Data extracts
□ □ □ □ □ □ □

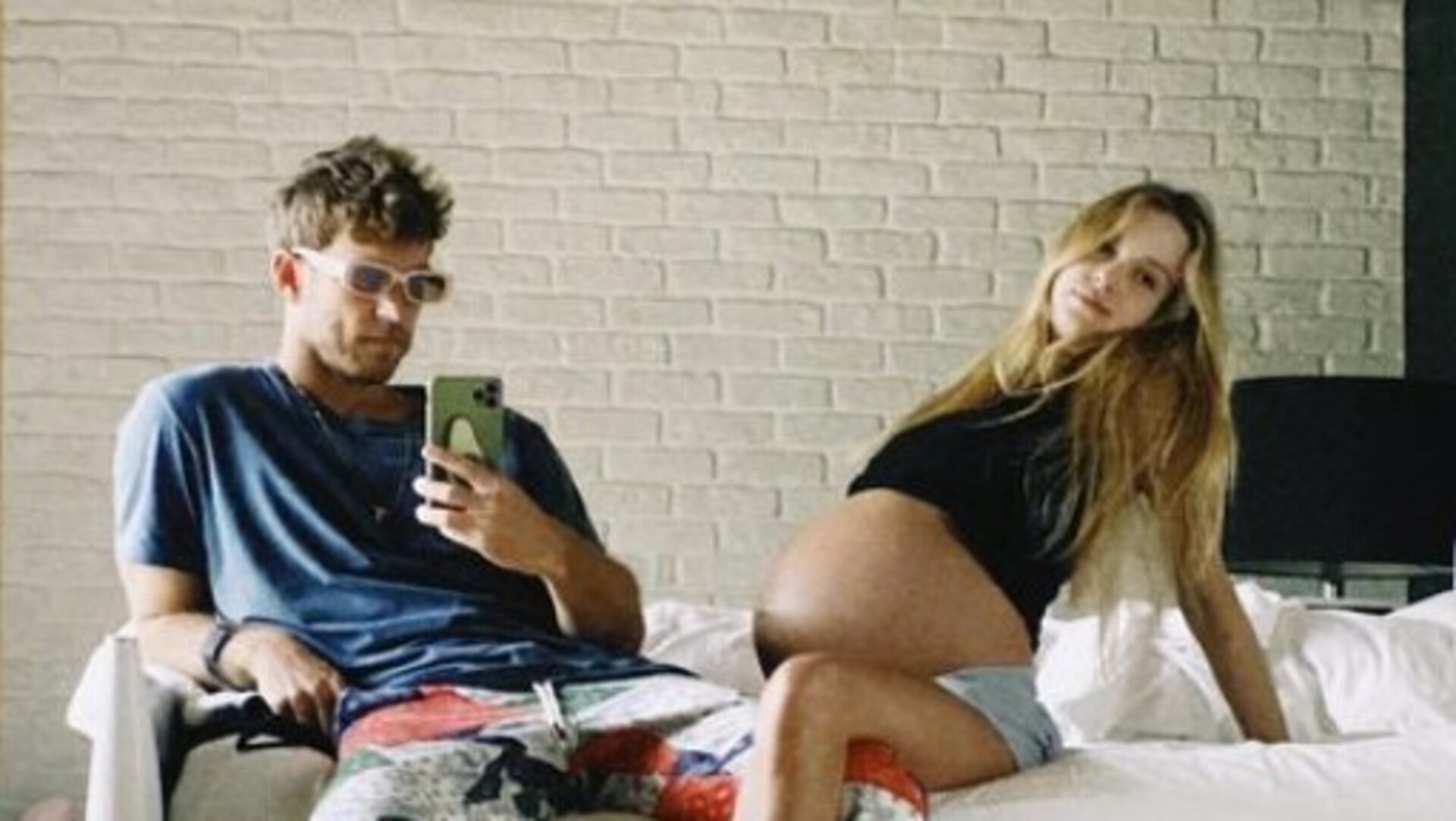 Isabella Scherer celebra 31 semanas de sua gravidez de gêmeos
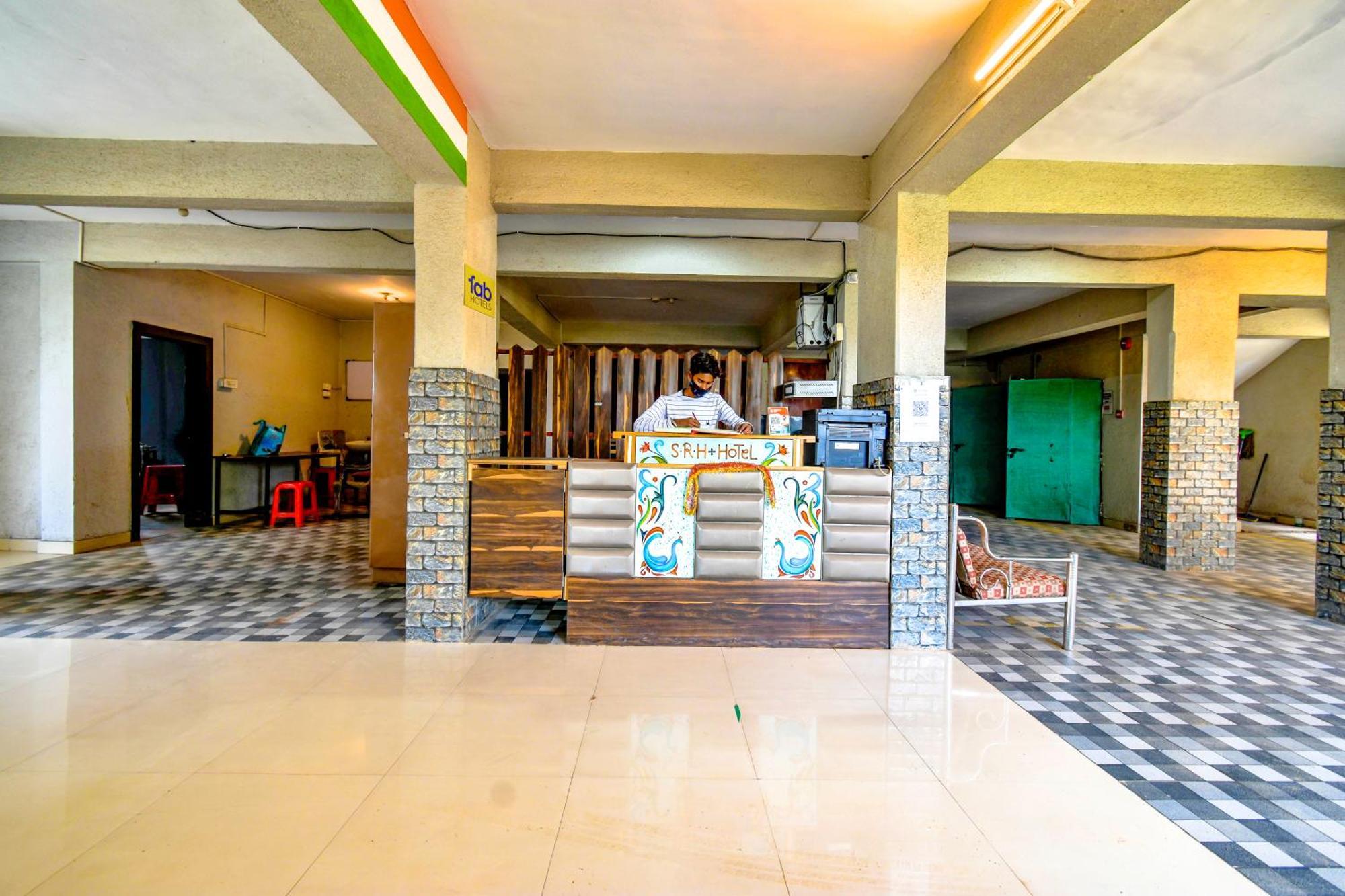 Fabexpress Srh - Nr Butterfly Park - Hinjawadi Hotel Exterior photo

□ □ □ □ □ □ □

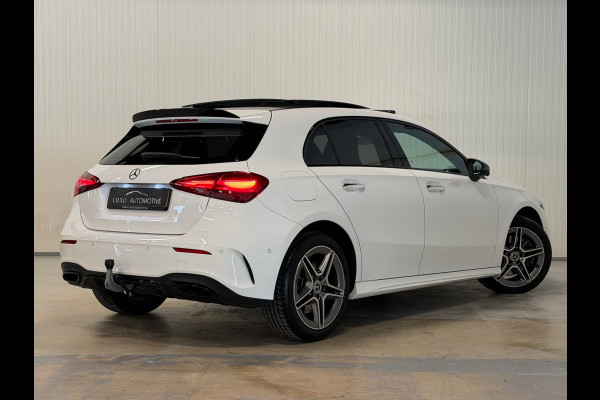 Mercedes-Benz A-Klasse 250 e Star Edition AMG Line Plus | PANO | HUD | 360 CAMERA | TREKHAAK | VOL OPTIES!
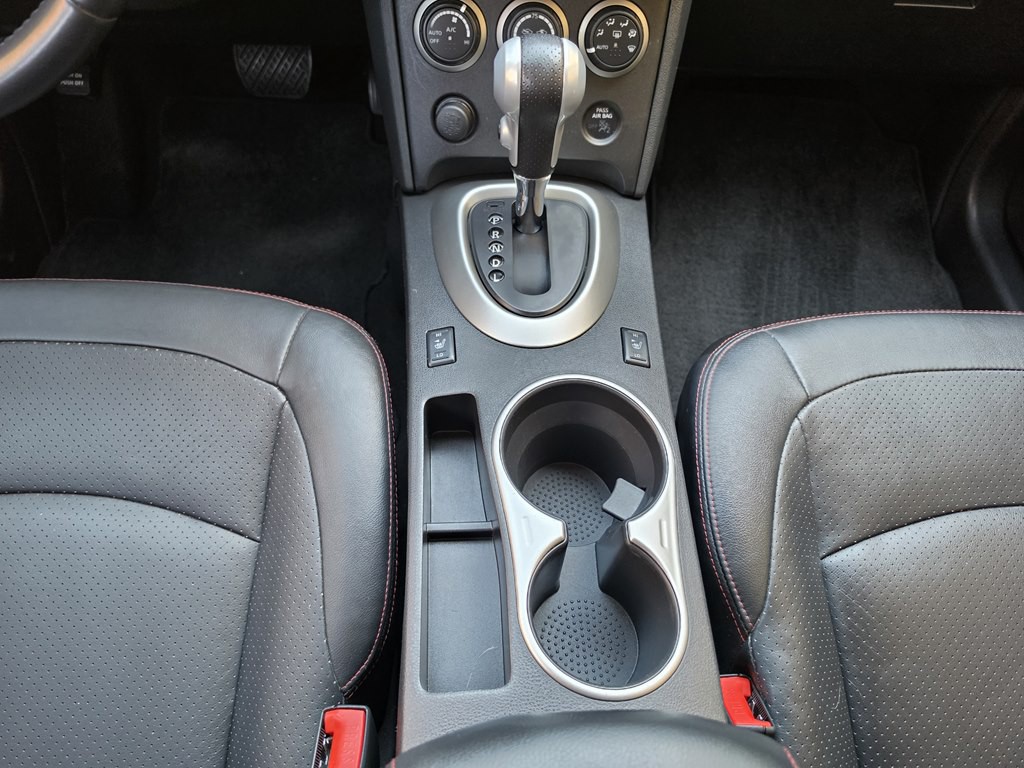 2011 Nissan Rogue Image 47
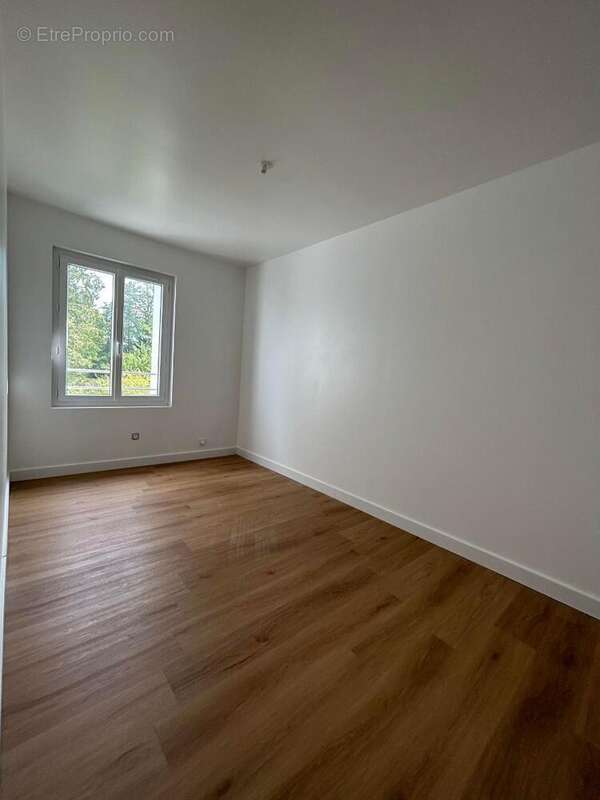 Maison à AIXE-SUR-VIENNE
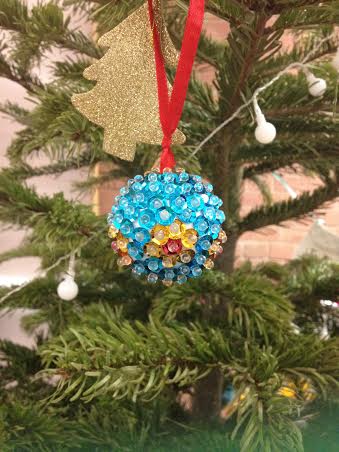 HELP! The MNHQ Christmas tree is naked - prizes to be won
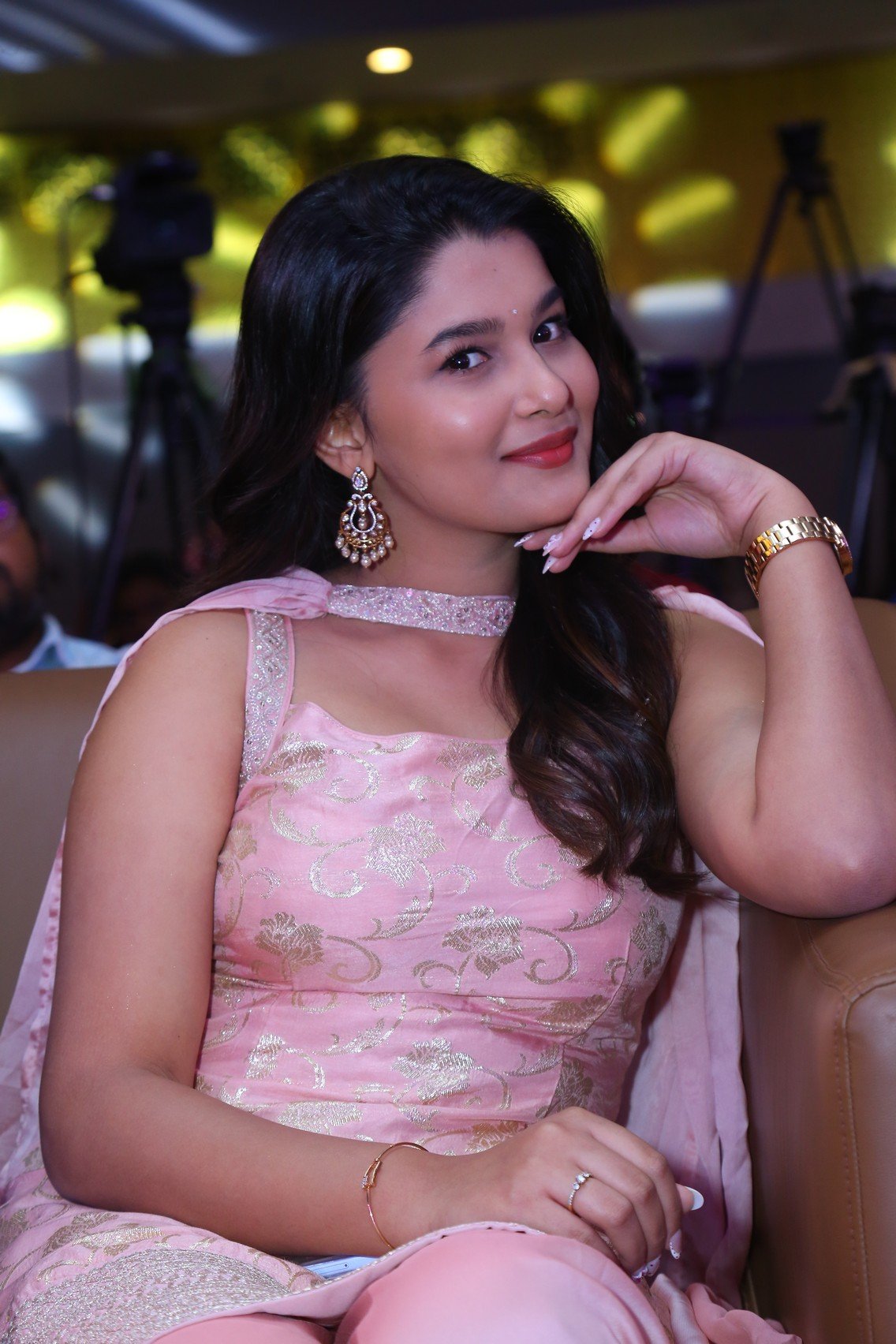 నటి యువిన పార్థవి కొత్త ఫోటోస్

□ □ □ □ □ □ □

Task instructions
Precisely those lines above that run from the line with "Isabella Scherer celebra" up to and including the line with "Fabexpress Srh - Nr" are to be set down, with the pictures omitted.

Solved problem
 Isabella Scherer celebra 31 semanas de sua gravidez de gêmeos
 Fabexpress Srh - Nr Butterfly Park - Hinjawadi Hotel Exterior photo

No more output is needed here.